Work instructions:
The lines in the listing below are to be given again exactly, starting at the line holding "探究战鼓之翼无限开魔方：以科技研发为切入点，深度解析其对现代社会影响及应用前景" and ending at the line holding "6816 23 8,0". Do not include pictures.

Top of Data section

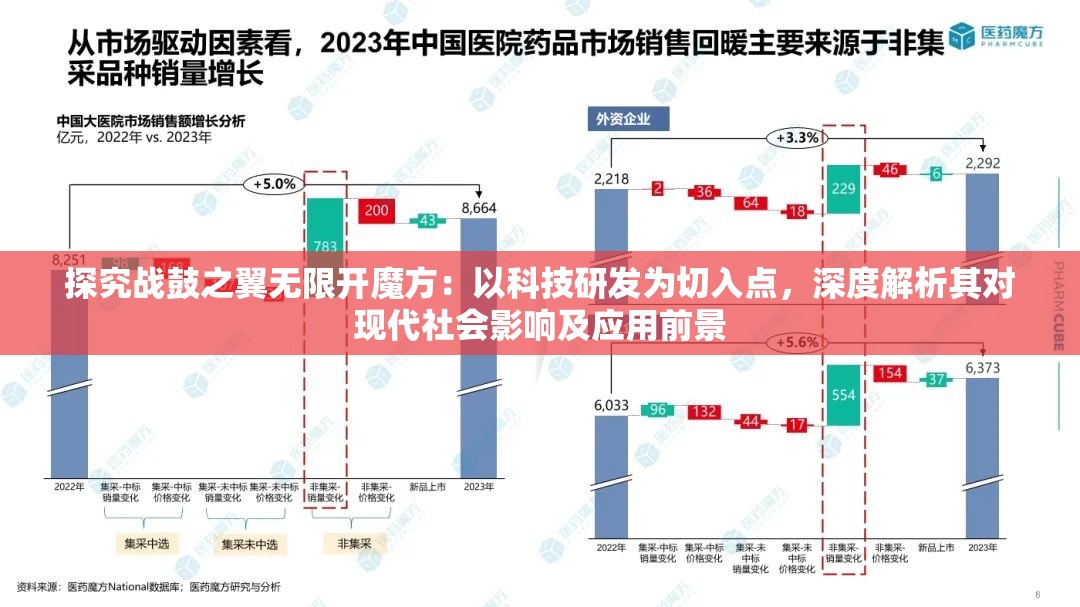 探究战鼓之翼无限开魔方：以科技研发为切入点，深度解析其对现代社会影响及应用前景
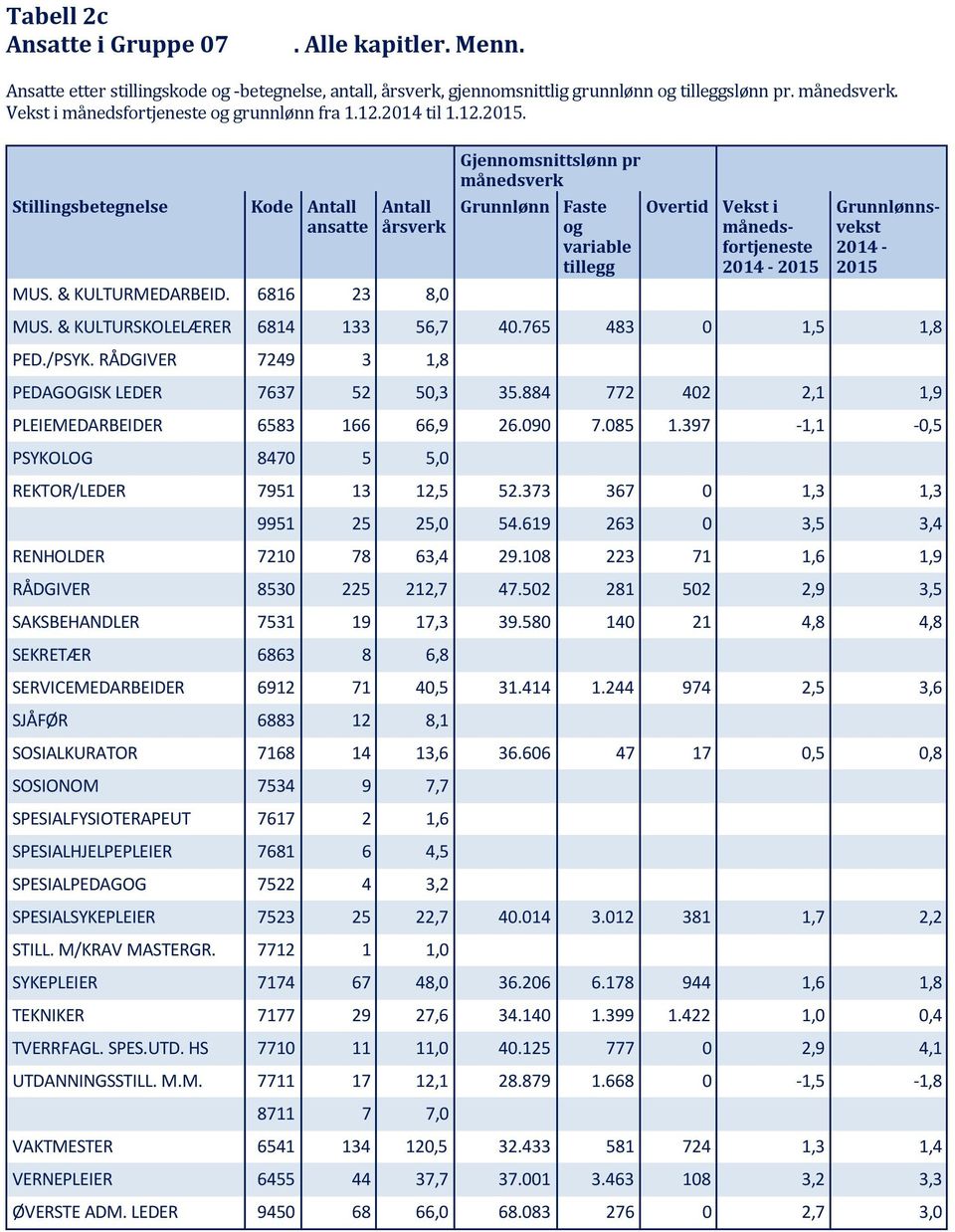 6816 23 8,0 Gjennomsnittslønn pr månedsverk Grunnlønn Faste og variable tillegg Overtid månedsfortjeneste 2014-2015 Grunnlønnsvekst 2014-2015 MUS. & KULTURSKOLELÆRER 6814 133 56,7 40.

Bottom of Data section
Top of Data section

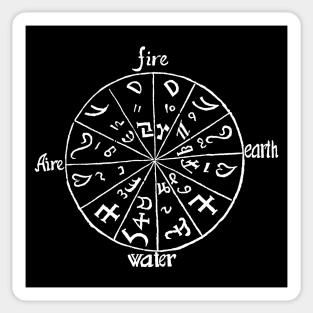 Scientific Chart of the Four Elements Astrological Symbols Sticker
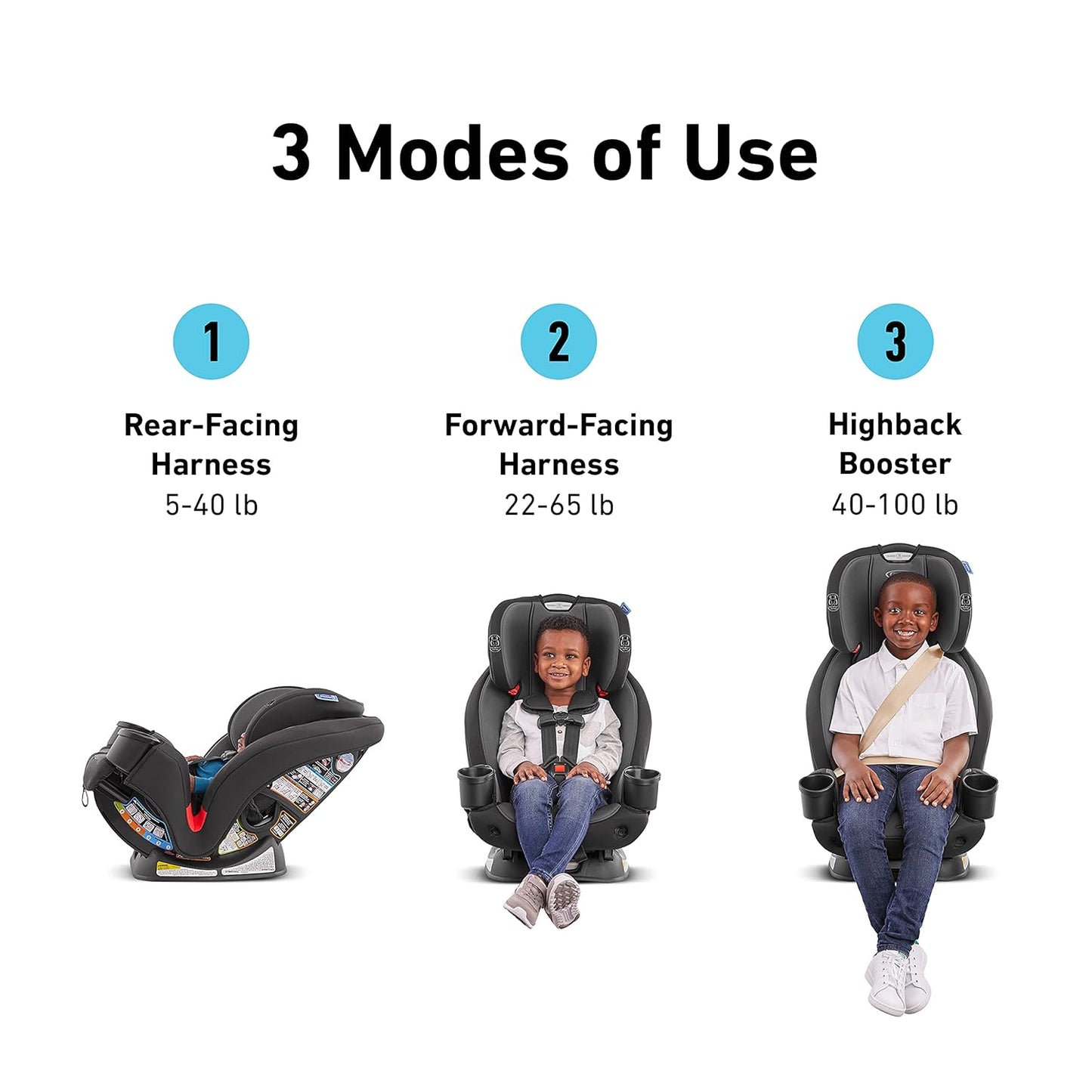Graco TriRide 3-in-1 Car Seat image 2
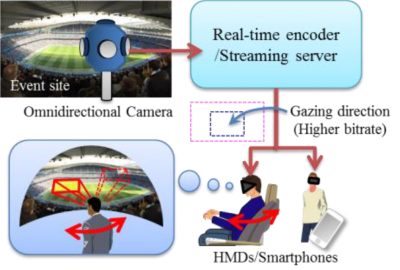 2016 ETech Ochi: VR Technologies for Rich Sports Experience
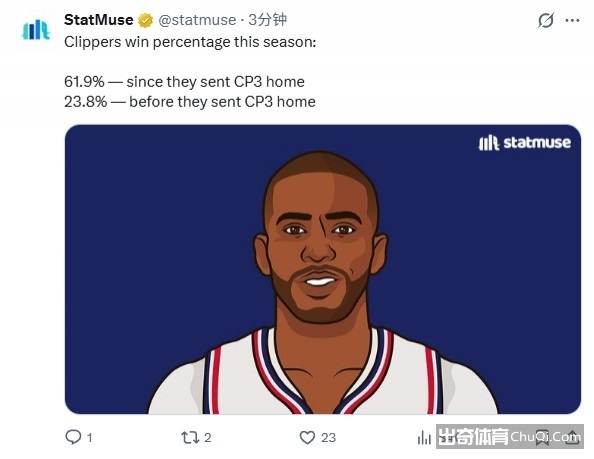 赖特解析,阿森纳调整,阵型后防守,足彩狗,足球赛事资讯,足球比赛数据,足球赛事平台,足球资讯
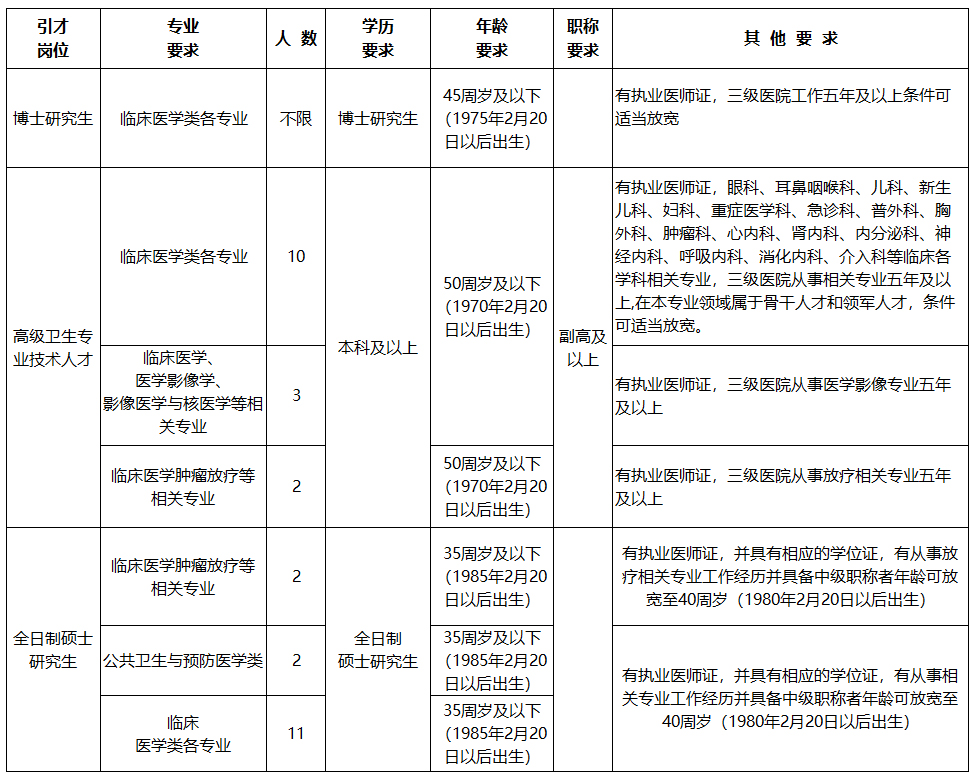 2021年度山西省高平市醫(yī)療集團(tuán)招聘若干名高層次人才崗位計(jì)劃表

Bottom of Data section

Expected output:
 探究战鼓之翼无限开魔方：以科技研发为切入点，深度解析其对现代社会影响及应用前景
 6816 23 8,0 Gjennomsnittslønn pr månedsverk Grunnlønn Faste og variable tillegg Overtid månedsfortjeneste 2014-2015 Grunnlønnsvekst 2014-2015 MUS. & KULTURSKOLELÆRER 6814 133 56,7 40.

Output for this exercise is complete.